If people didn’t have this guilt avoidance motive, would we see fewer acts of love?
Based on my feelings to those I love, I think feelings of authentic love are real. Especially when ‘love’ is used as a noun. In other cases, like pursuing someone you love, or doing something for someone you love, I think greed + self-serving desires can be present.
Embracing Envy as a Motivator
“For Nietzsche, the psychological health of a person or society depends on being able to resist denigrating what one wants but can’t have. It involves resisting the urge to deny the gaps in one’s life for the sake of inner convenience. It is, for Nietzsche, always better to say what one wishes to be and have rather than to twist one’s entire personality to avoid discomfort. We must, for the philosopher, be strong enough to face, and stay honest about, our own misfortunes.” (Source)
Nietzsche thought that it’s important to embrace our desires to improve and attain more. He also thought that envy was an effective motivator that we all innately have.

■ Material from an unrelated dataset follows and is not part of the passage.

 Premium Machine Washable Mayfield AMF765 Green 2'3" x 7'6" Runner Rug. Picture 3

Instead of being content with who we are and what we have, we should chase where our envy leads us.
I agree with the underlying idea here; humans should acknowledge their true emotions/drivers, instead of being inauthentic with themselves.
I also think envy can be effective for short term motivation. However, I think that if you’re consistently envious and utilize it, you’ll never find contentment in what you have. You’ll always look for the next best thing. The short-term rewards are there if it gets you motivated to chase something, but I don’t think you’ll ever be peaceful.

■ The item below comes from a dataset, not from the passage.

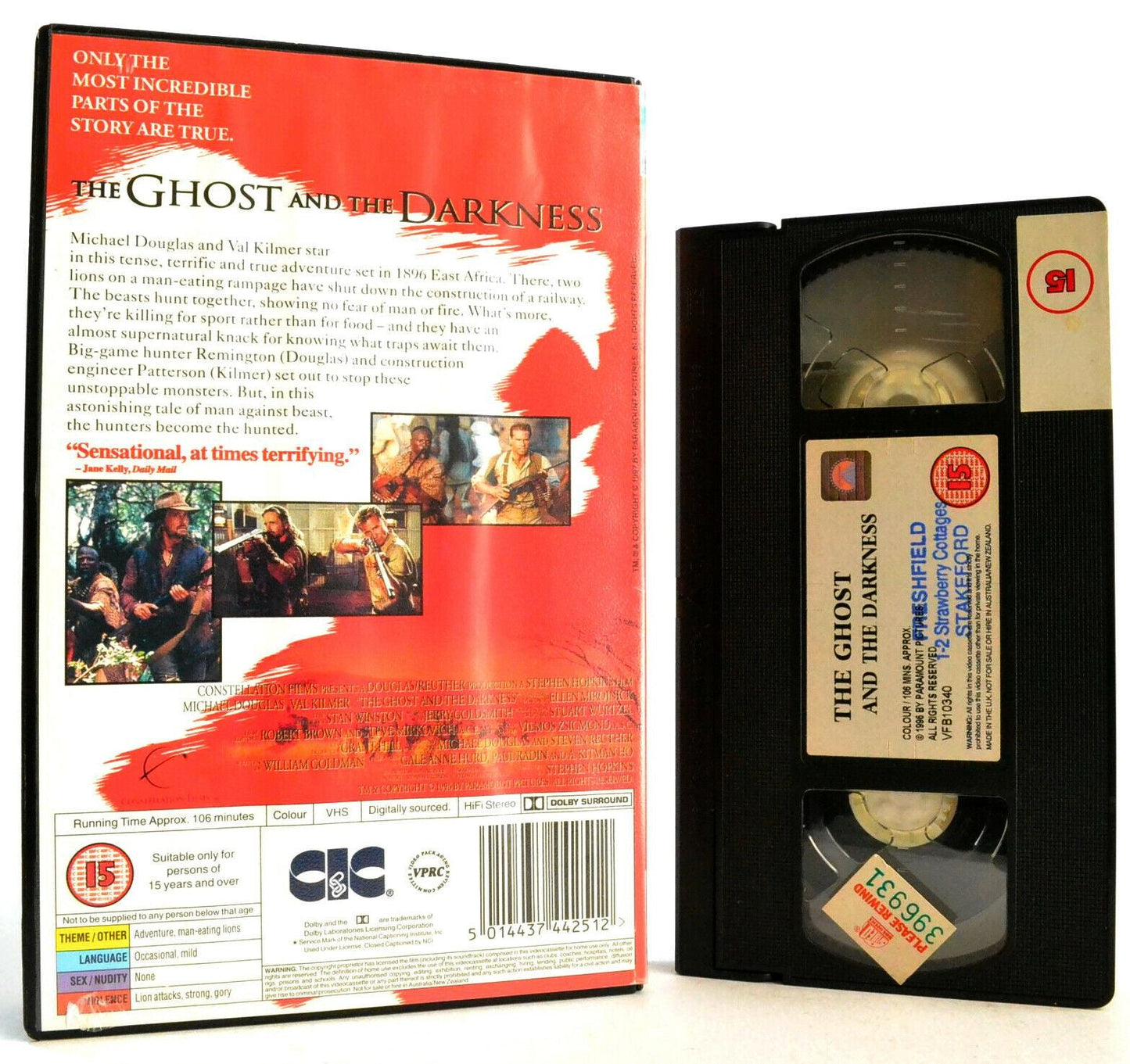 The Ghost And The Darkness: Historical Adventure - Large Box - Ex-Rental - VHS-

That being said, in my opinion, you never want to be fully content with your life as you live it. This can lead to complacency. When you don’t recognize areas of growth or denigrate desires, you become stagnant.

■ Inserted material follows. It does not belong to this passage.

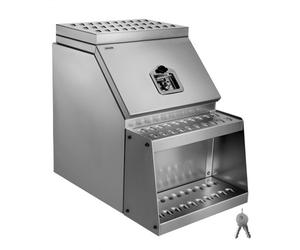 VEVOR Cassetta Portautensili a Scala per Camion, 457 x 695 x 645 mm in Alluminio, Montaggio Laterale, Cassetta Impermeabile con Maniglia a T e Chiavi per Semirimorchi, Rimorchi a Pianale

I agree that it’s important to recognize and embrace desires/areas for growth, but chasing them through envy seems unfulfilling long-term. What’s the point of reaching what you chase, if your envy leads you to immediately focus on getting something else? Do you even get to fully appreciate and utilize what’s previously attained (through envy)? It seems like a cycle of chasing but never enjoying. This doesn’t sound like the life I’d want to live.
Therefore, I think it’s important to find the balance between recognizing things to attain and being content with what you already have. Being envious and hyper-fixated on what more you could do/get might be an effective motivator to reach what you want. However, I think it shouldn’t be fully embraced considering its massive downsides on fulfillment and gratitude.
Nietzsche has spoken about the downsides of envy — I need to read into them more.
Other Interesting Stuff from Nietzsche
- fear of failure is a stupid constraint on your life, you get the most out of life by living dangerously
- when you realize you can’t control the external world, you should focus on strengthening your internal world
- drinking (especially social drinking) is stupid
- what’s a question everyone’s searching for the answer to?
- why do you do what do you do?
- there’s no such thing as objective truth, the unwillingness to accept that matter can be considered in many different ways comes from an inflexible mind
- I think embracing the suffering of pain is important for growth.
- I don’t think love always resembles greed, but underlying motives can sometimes be self-serving. If love did universally resemble greed, I don’t think that’s problematic.
- I don’t think envy is an effective motivator due to its downsides — lack of fulfillment and gratitude.